* **Problem statement**: The expected answer is the data below, printed verbatim without its pictures.

* **Supplied data**:
* * *

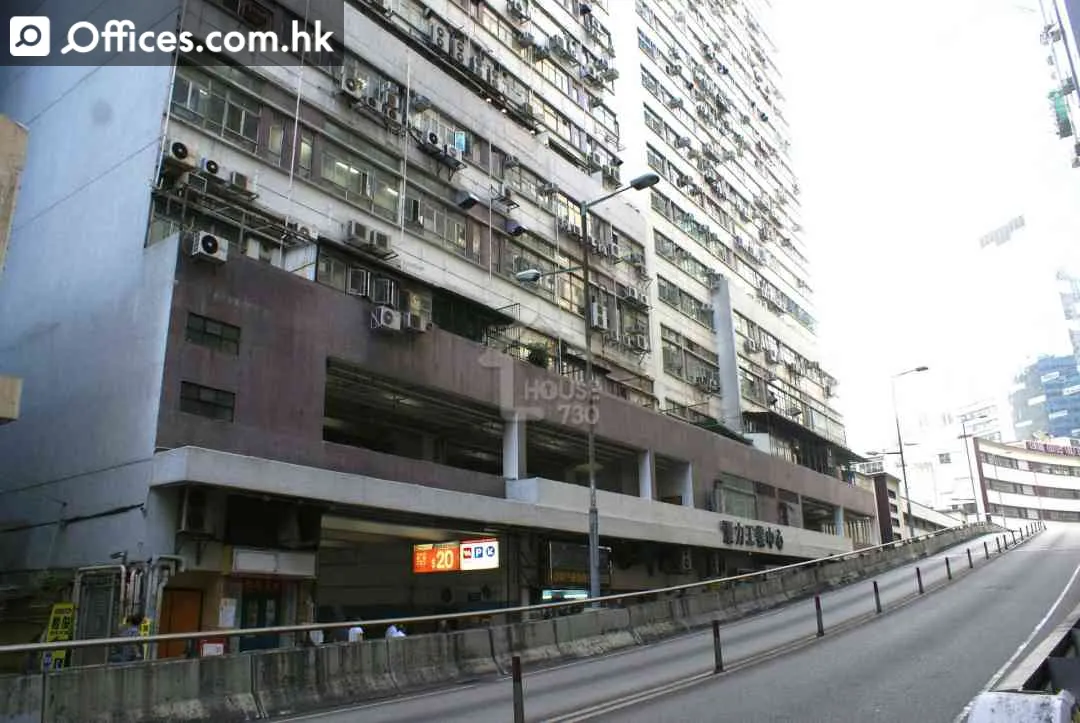 26-38 Sha Tsui Road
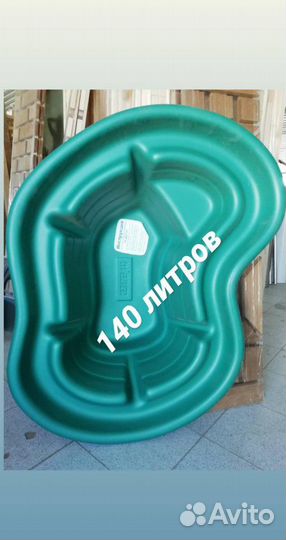 Пруд пластиковый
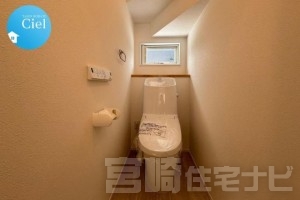 【温水洗浄便座】いつでも快適にトイレを利用するためには無くてはならない必需品。温水洗浄便座は紙資源の節約はもちろん衛生面でも効果的です。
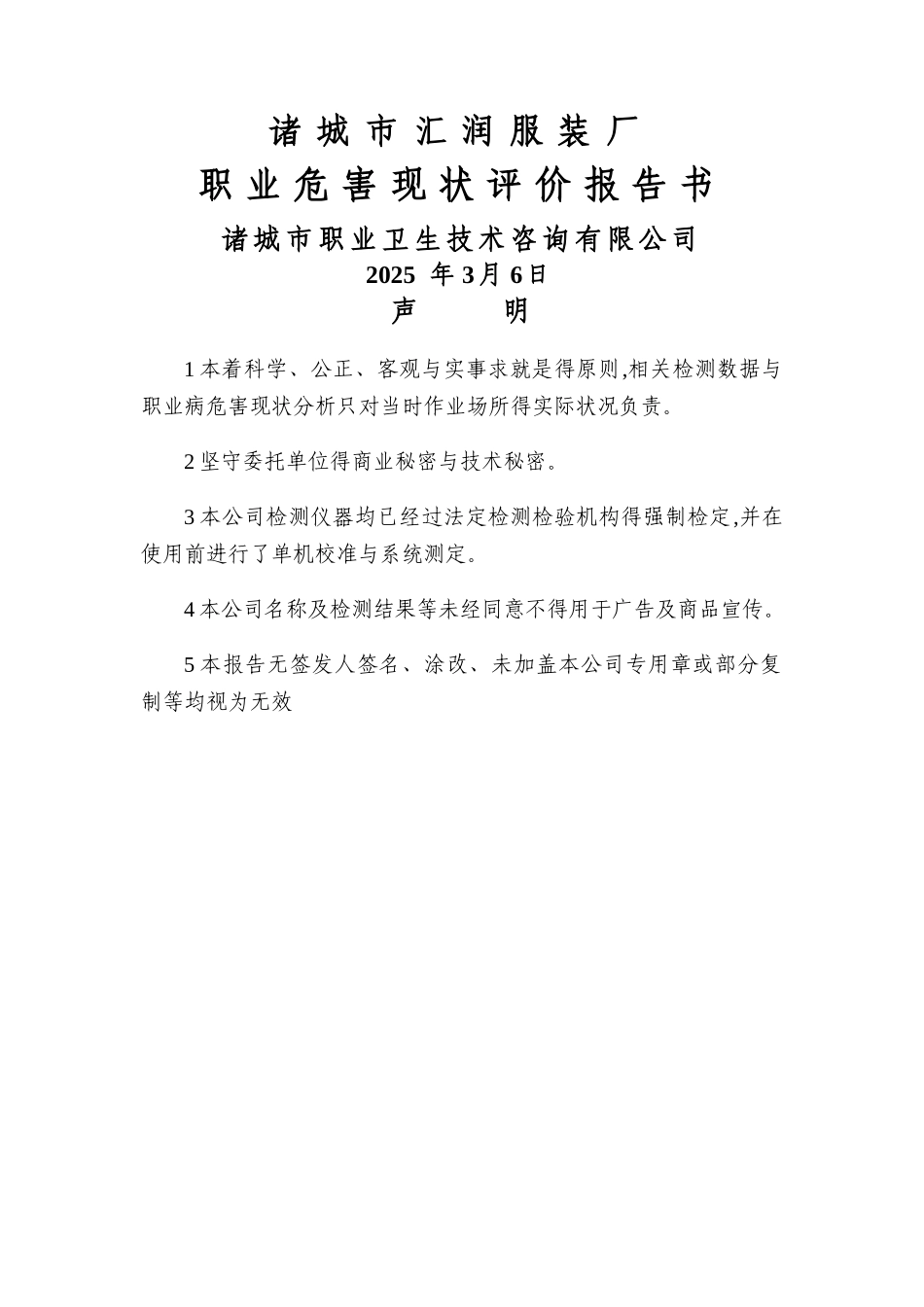 服装厂职业危害评价报告_第1页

* * *

* **Task result**:
 26-38 Sha Tsui Road
 Пруд пластиковый
 【温水洗浄便座】いつでも快適にトイレを利用するためには無くてはならない必需品。温水洗浄便座は紙資源の節約はもちろん衛生面でも効果的です。
 服装厂职业危害评价报告_第1页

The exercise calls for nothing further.